Kubernetes schedules Pods by evaluating many filters: node health, taints, tolerations, node affinity, selectors, and available resources. Resource requests and limits are the CPU/memory side of that decision.

FieldMeaningWhen It Matters
resources.requests.cpuCPU capacity reserved for schedulingBefore the Pod is placed
resources.requests.memoryMemory capacity reserved for schedulingBefore the Pod is placed
resources.limits.cpuMaximum CPU the container may consumeWhile the container runs
resources.limits.memoryMaximum memory the container may consumeWhile the container runs

Request = scheduler promise. The kube-scheduler only places a Pod on a node if the node has enough remaining allocatable capacity for the Pod’s requests. Limit = runtime guardrail. If a container exceeds its memory limit, Kubernetes kills the container with OOMKilled rather than allowing it to exhaust the node. Source: CKA Day 16

YAML Anatomy

Resource settings are container fields because CPU and memory are consumed by containers, not by the Pod object itself:

apiVersion: v1
kind: Pod
metadata:
  name: memory-demo
  namespace: mem-example
spec:
  containers:
  - name: memory-demo-ctr
    image: polinux/stress
    resources:
      requests:
        memory: "100Mi"
        cpu: "250m"
      limits:
        memory: "200Mi"
        cpu: "500m"
    command: ["stress"]
    args: ["--vm", "1", "--vm-bytes", "150M", "--vm-hang", "1"]
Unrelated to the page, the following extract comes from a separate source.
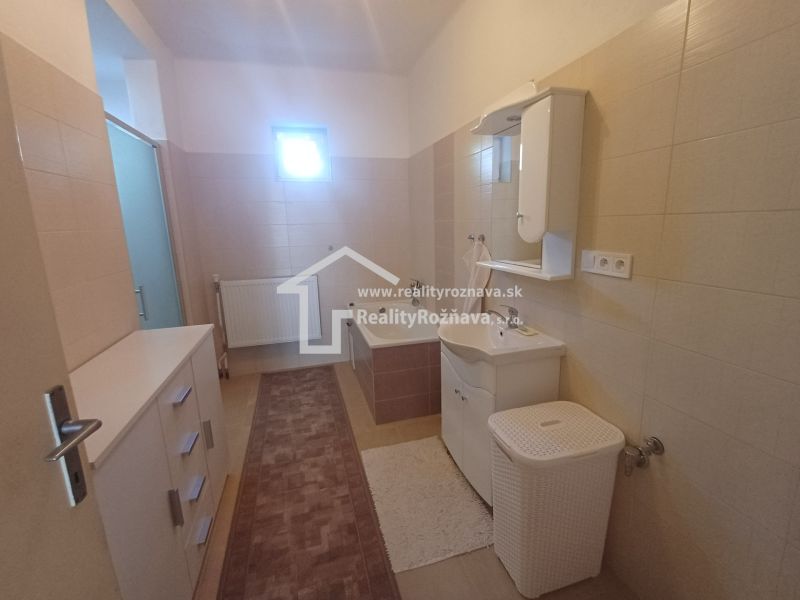 Bathroom in a family house with a bathtub, sink, and wooden decor tiles.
CKA syntax memory: spec -> containers[] -> resources -> requests/limits -> cpu/memory.

Scheduler Behaviour

Requests participate in scheduling alongside the placement primitives from Manual Scheduling:

  1. Scheduler sees an unscheduled Pod.
  2. It filters nodes that cannot fit the Pod’s requested CPU/memory.
  3. It also filters by taints/tolerations, node selectors, node affinity, and node conditions.
  4. If at least one node fits, the scheduler binds the Pod.
  5. If no node fits, the Pod remains Pending and kubectl describe pod shows events such as Insufficient memory or Insufficient cpu.
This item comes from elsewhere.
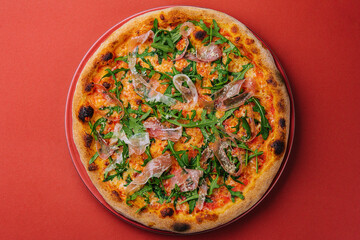 Prosciutto pizza or pinza with arugula in roman style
This is why a Pod requesting 1000Gi memory stays Pending even if its command would only try to use 150M: scheduling uses declared requests, not future actual usage. Source: CKA Day 16

Runtime Behaviour

Limits govern what happens after the Pod starts:

Runtime ConditionResult
Usage stays between request and limitPod continues running
Memory usage exceeds limitContainer is killed with OOMKilled
Request exceeds node allocatable capacityPod does not schedule; remains Pending
CPU demand exceeds CPU limitCPU is throttled rather than immediately killed

The lesson’s memory stress demo uses polinux/stress to show the difference between running within the limit, exceeding the limit, and requesting impossible capacity. The key operational idea is blast-radius control: prefer killing one over-consuming Pod to letting it exhaust the whole node. Source: CKA Day 16

Metrics Server and kubectl top

Metrics Server exposes CPU and memory usage for nodes and Pods. The lesson installs a Metrics Server manifest, verifies the Pod in the kube-system Namespace, and then uses:

kubectl top node
kubectl top pod memory-demo -n mem-example

Metrics Server is also the data source for autoscaling flows such as HPA and VPA, which the course treats as later topics. For Day 16, the immediate value is visibility: you can verify whether a stress-test Pod is consuming the memory you expected. Source: CKA Day 16

Namespace Governance Connection

Requests and limits become more powerful when combined with Namespace-level policy:

  • ResourceQuota caps aggregate requested and limited CPU/memory for a Namespace.
  • LimitRange can define default requests/limits so users cannot create unconstrained Pods by accident.
  • A demo Namespace like mem-example isolates stress tests from other workloads.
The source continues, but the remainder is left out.